Offeror(s): Durante Holdings Pty Limited

Independent Adviser(s): Simmons Corporate Finance (Rule 18)

Company Meeting Date: 05/11/2010

On 25 August 2010, the Hill family notified Michael Hill International Limited (“MHI”) of their intention to seek shareholder approval to consolidate their various holdings of voting rights in MHI into a single entity by transferring the shares held by three trusts associated with the Hill family (the “Hill family trusts”) to Durante Holdings Pty Limited (“Durante”), and subsequently to increase Durante’s shareholding in MHI from approximately 48% to approximately 51% through on-market acquisitions.

 

An on-market acquisition process would mean that information including the identity of the seller of the shares and the price paid for the shares would not be known at the time of the shareholder meeting. As such, the proposal to seek shareholder approval for on-market acquisitions required exemptions with respect to these matters from the Takeovers Panel.
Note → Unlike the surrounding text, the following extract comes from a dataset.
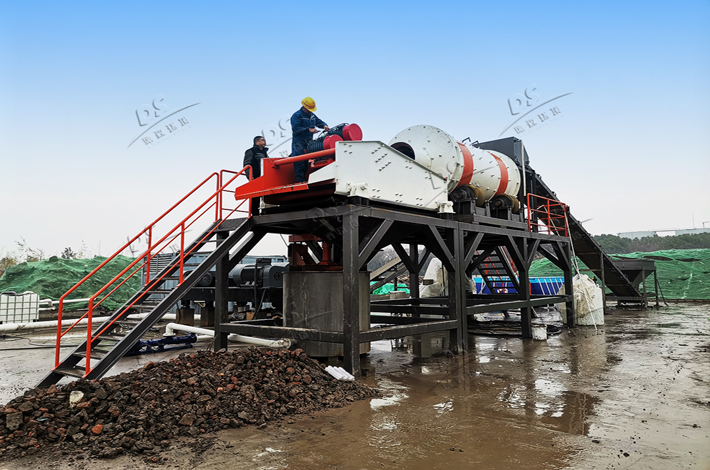 1636592903719977.jpg 微信圖片_20200104113252.jpg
After the Panel executive advised that these exemptions would be unlikely to be granted, the Hill family indicated they would no longer be seeking shareholder approval for the on-market acquisitions.

 

On 5 November 2010, the acquisition by Durante of all of the shares held by the Hill family trusts was approved at an annual meeting of shareholders.

 

Simmons Corporate Finance prepared a rule 18 independent adviser’s report on the merits of the acquisitions.